On voit mal un compilateur s'astreindre à imposer
à une oeuvre collective une telle unité de ton,
à l'intérieur même de rédactions diverses. Il y
a lieu de rechercher ce mystérieux auteur-rédacteur,
qui paraît bien se cacher sous un nom d'emprunt
prestigieux pour couvrir ses buts et qui a laissé
une si forte empreinte sur le Liber-Codex, en tant
de pages et de tant de manières.
P.
David pense ne devoir attribuer la "couleur
commune", l'unité "superficielle"
qu'au "dernier rédacteur", en se fondant
sur son observation que les éléments des cinq livres
ne sont pas homogènes, provenant, à des dates différentes,
de milieux divers. Il voit des remanieurs à l'oeuvre
en bien des endroits. Ainsi, pour la Passio magna
attribuée à Eusèbe de Césarée et qui contredit celle
du Pseudo-Abdias au livre 1. Tout le livre III qui
s'oppose, selon lui, au livre I, n'est qu'une "addition
tardive au recueil primitif"; les poèmes pris
dans l'oeuvre de Fortunat ne sont qu'une surcharge
introduite dans le Codex par le dernier rédacteur,
celui qui a rassemblé les cinq livres en un seul.
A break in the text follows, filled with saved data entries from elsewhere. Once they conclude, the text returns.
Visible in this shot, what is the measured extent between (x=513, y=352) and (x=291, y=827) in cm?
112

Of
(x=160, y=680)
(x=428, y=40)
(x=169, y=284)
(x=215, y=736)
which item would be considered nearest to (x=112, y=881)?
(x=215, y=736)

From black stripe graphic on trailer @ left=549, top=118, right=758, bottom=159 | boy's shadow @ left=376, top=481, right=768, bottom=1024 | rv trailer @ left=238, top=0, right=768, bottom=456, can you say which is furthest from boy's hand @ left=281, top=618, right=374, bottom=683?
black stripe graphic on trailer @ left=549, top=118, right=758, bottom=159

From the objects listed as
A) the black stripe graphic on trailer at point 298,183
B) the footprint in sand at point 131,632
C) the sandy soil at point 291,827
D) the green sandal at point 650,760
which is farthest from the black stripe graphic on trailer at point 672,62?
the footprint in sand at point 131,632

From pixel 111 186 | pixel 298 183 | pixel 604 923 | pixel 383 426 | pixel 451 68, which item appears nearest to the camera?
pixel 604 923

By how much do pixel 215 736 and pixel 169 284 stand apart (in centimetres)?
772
La vision de la mort de Charlemagne par Turpin n'est
qu'une réplique de celle de l'archevêque au Val
Carlos; ce sont donc deux additions. La rédaction
finale du livre des miracles se situe au plus tôt
en 1135, sur la base d'un premier recueil constitué
vers 1100-1110. Le professeur de Coïmbre donne en
conclusion les différentes étapes de la constitution
du recueil qui n'a été rassemblé que vers 1150,
"très probablement" par Aymeric Picaud
et Olivier d'Asquins. En schématisant, le livre
II aurait été le premier écrit; le rédacteur du
livre I y aurait introduit ensuite des commentaires,
puis, vers 1130, le Guide d'abord indépendant; celui-ci
aurait donc été ajouté vers 1150 dans le recueil
avec des remaniements (et non rédigé par Aimeri
Picaud) et il aurait été suivi de peu par la Chronique,
puis par le livre III.
A.
de Mandach, pour sa part, s'est attaché à analyser
"l'évolution successive des états du Livre
de Saint- Jacques de Gompostelle". II remarque
par exemple une grande ressemblance entre le Charlemagne
de Turpin et le roi Alphonse VI et il en déduit
que "le noyau épique turpinien est de Pierre
d'Andouque (+ 1114). La disputatio prolongée de
Roland est une interpolation; un Guide embryonnaire
(chap. I-VII du Guide actuel) remonte à Gui-Calixte
tout comme Gaston Paris voyait, dans un premier
état (chap, I-V) de la Chronique un petit livret
espagnol de propagande pour le pèlerinage, écrit
vers 1050 par un clerc de Compostelle.
Une
réponse de principe peut être faite à ces découpages.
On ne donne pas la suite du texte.